"All sorrows can be borne if you put them into a story or tell a story
about them." The story reveals the meaning of what otherwise would
remain an unbearable sequence of sheer happenings .... All her
stories are actually "Anecdotes of Destiny," they tell again and again
how at the end we shall be privileged to judge . . . .(1)
I had dreamed, we had always dreamed, of something like this, in the
nights at Auschwitz: of speaking and not being listened to, of finding
liberty and remaining alone. After a while I remained alone with the
lawyer; a few minutes later he also left me, urbanely excusing
himself.(2)
I. INTRODUCTION
During the trial of Adolf Eichmann in Jerusalem in 1960, Hannah Arendt's moral certainty about both the defendant's unsurpassable evil and the rectitude of the trial itself gave way to a debilitating array of jurisprudential doubts, ethical quandaries and emotional ambivalence.(3) For Arendt, what began with some excitement as "'an obligation I owe my past'"(4) was transformed into a feeling that "'[t]he whole thing is stinknormal, indescribably inferior, worthless.'"(5) Fourteen years earlier, in 1946, when a team of six army lawyers was appointed defense counsel for the Japanese General Yamashita prior to his trial for war crimes in the Philippines, these lawyers were indignant.(6) For them, Yamashita was the ultimate war criminal, a man responsible for the dreadful and literally indefensible atrocities that had taken place in Manila at the end of the war. Slowly, however, Yamashita was transformed in their eyes from the "Beast of Bataan" to an innocent victim of American injustice. This perception of injustice took them, at some risk to their careers, to the Supreme Court.(7) There, Supreme Court Justice Murphy, in a moving dissent, described Yamashita's trial as the "uncurbed spirit of revenge and retribution, masked in formal legal procedure for purposes of dealing with a fallen enemy commander."(8) Yamashita was hanged, but thirty years later defense counsel and legal experts continue to assert his innocence.(9)

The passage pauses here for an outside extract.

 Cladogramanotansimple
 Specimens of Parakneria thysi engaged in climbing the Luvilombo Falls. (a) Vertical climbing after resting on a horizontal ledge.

Similar ambiguities have attended more recent war crimes prosecutions. The trial and subsequent acquittal of John Demjanjuk in Israel(10) forced a review of U.S. Department of Justice extradition procedures. In Australia, the acquittal of Ivan Polyukhovich led to the disbanding of the Special Investigations Unit and its successor, the War Crimes Prosecutions Support Unit.(11) Even successful prosecutions cause cultural upheaval and unease. For example, Klaus Barbie was put on trial and eventually convicted of having committed crimes against humanity in 1944 in occupied France.(12) His trial, however, became an ordeal for the French nation. At times, France itself appeared to stand beside Barbie as a codefendant accused of having collaborated with the Nazis during the occupation, or of having carried out crimes against humanity in Algeria during the colonial struggle there.(13) Finally, even Nuremberg, the war crimes trial par excellence, is shadowed by its morally and legally defective twin at Tokyo by the continuing sense that here, again, was victor's justice, and by the spectral presence of those crimes against humanity left unpunished since.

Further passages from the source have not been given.